Data to use
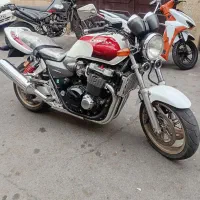 موتور سنگین سی بی ۱۳۰۰مدل ۲۰۰۲ درحد انجین مشکی|موتورسیکلت|تهران, علم و صنعت|دیوار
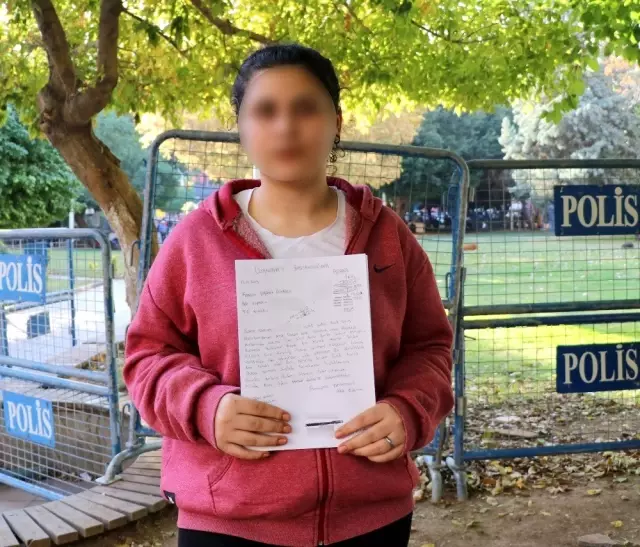 Tecavüz görüntüleriyle fuhuşa zorlanan kadın, yazışmaları delil olarak sundu Tecavüz görüntüleriyle fuhuşa zorlanan kadın, yazışmaları delil olarak sundu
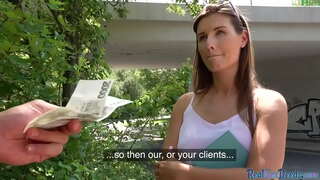 ���ુદ્દો પાર્ક સાથે વાહિયાત સુંદર યુરોપિયન અપરિપક્વ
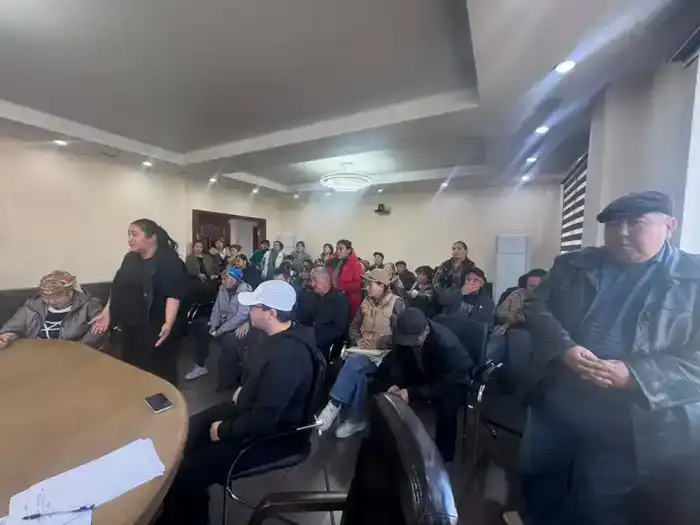 Замакима Алматы встретился с жителями Алатауского района по вопросам компенсации за выкупаемые участки (2)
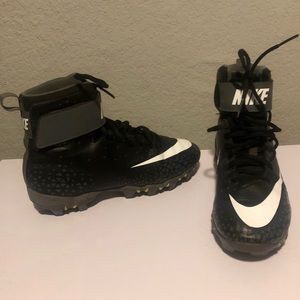 Mens Nike Men's Force Savage Shark Football Cleats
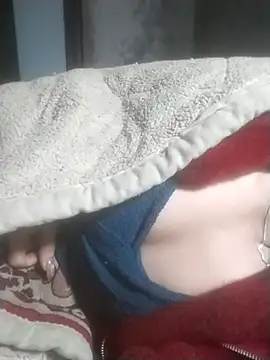 tieutam122 online show from February 2026 09:48:01 PM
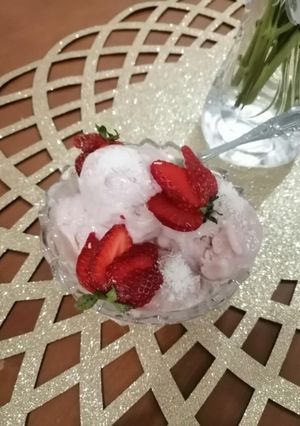 عکسی از دستور بستنی توت فرنگی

Brief
Retype the data above as given, letting no picture into the copy.

The completed task
 موتور سنگین سی بی ۱۳۰۰مدل ۲۰۰۲ درحد انجین مشکی|موتورسیکلت|تهران, علم و صنعت|دیوار
 Tecavüz görüntüleriyle fuhuşa zorlanan kadın, yazışmaları delil olarak sundu Tecavüz görüntüleriyle fuhuşa zorlanan kadın, yazışmaları delil olarak sundu
 ���ુદ્દો પાર્ક સાથે વાહિયાત સુંદર યુરોપિયન અપરિપક્વ
 Замакима Алматы встретился с жителями Алатауского района по вопросам компенсации за выкупаемые участки (2)
 Mens Nike Men's Force Savage Shark Football Cleats
 tieutam122 online show from February 2026 09:48:01 PM
 عکسی از دستور بستنی توت فرنگی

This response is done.